Besonders unangenehm war das, wenn man gerade Gäste aus den USA zu Besuch hatte. Die freuten sich zwar, einerseits, über das schöne Wetter in München. Andererseits sind sie aber nun mal auch total gewöhnt an "AC" in jedem geschlossenen Raum - und erkundigten sich bald höflich, aber mit schweißnassem Nacken, ob man nicht vielleicht wenigstens einen Ventilator ...?

Also ab zu Hornbach: leer gekauft. Bei Bauhaus: nix. Bei Elektro Conrad: alles weg, man könne aber einen Industrieventilator für 211,99 Euro bestellen, lieferbar in neun bis zehn Werktagen. In der Saturn-Hotline wird man direkt von der automatischen Ansage begrüßt, es gebe "aufgrund der hohen Nachfrage" leider "keine telefonische Auskunft über die Verfügbarkeit von Ventilatoren". Allmählich kommt so etwas wie Panik auf.
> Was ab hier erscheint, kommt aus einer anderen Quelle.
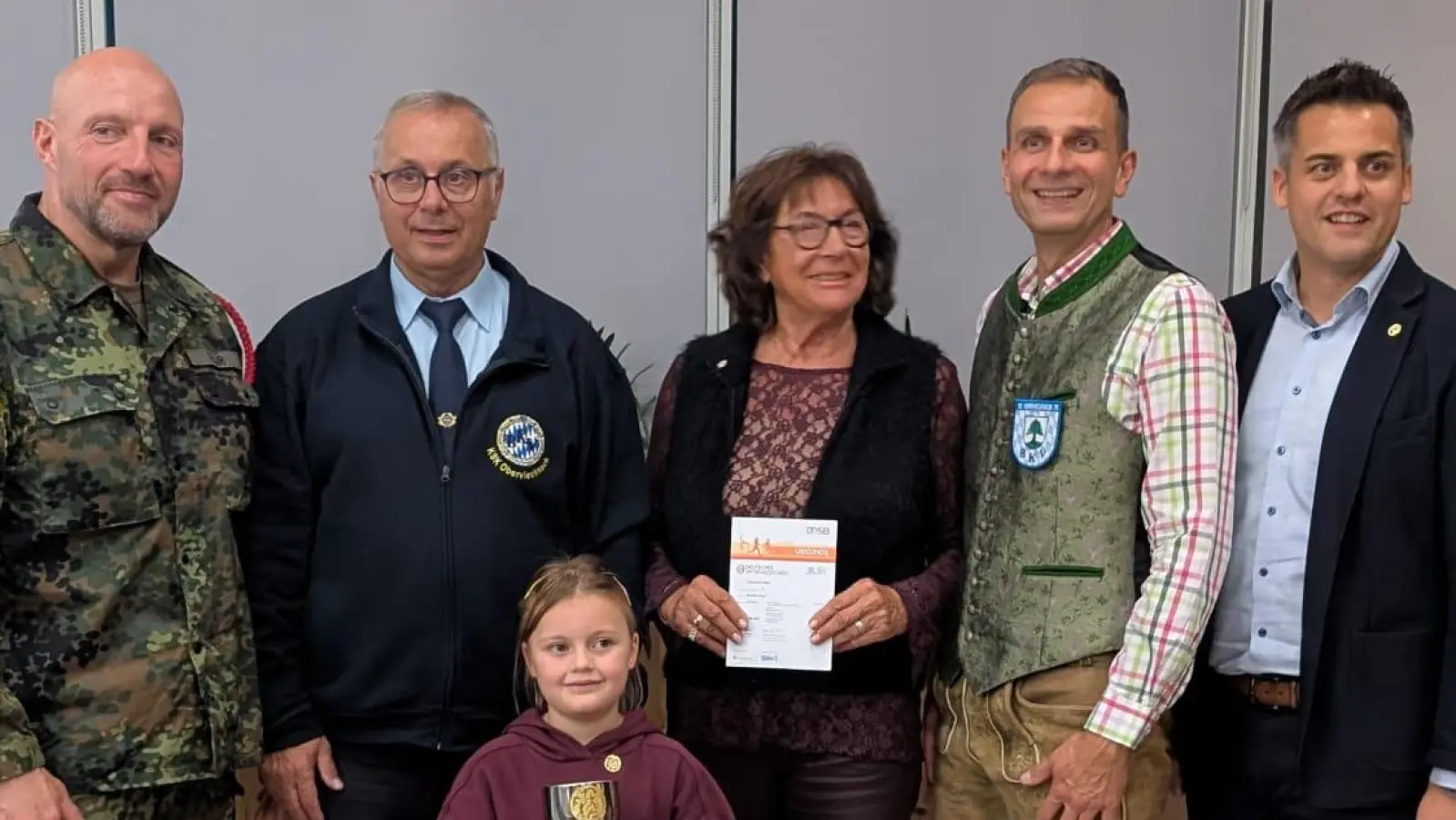im Bild von links: OSF M. Flor, Vorsitzender KSK H. Schinner, Ella Teplitzky, Monika Zapf, A. Naumann, Bgm. R. Teplitzky (Bild: Andrea Schinner)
Die Unruhe kommt auch von einer etwas tieferen Erkenntnis: Der Klimawandel ist da. Diese brutale Hitze, das ist jetzt normal. Die heißesten Sommer der vergangenen 500 Jahre lagen alle in den vergangenen 17 Jahren. Der Greenpeace-Werbespot mit dem Frosch im Kochtopf kommt einem wieder ins Gedächtnis.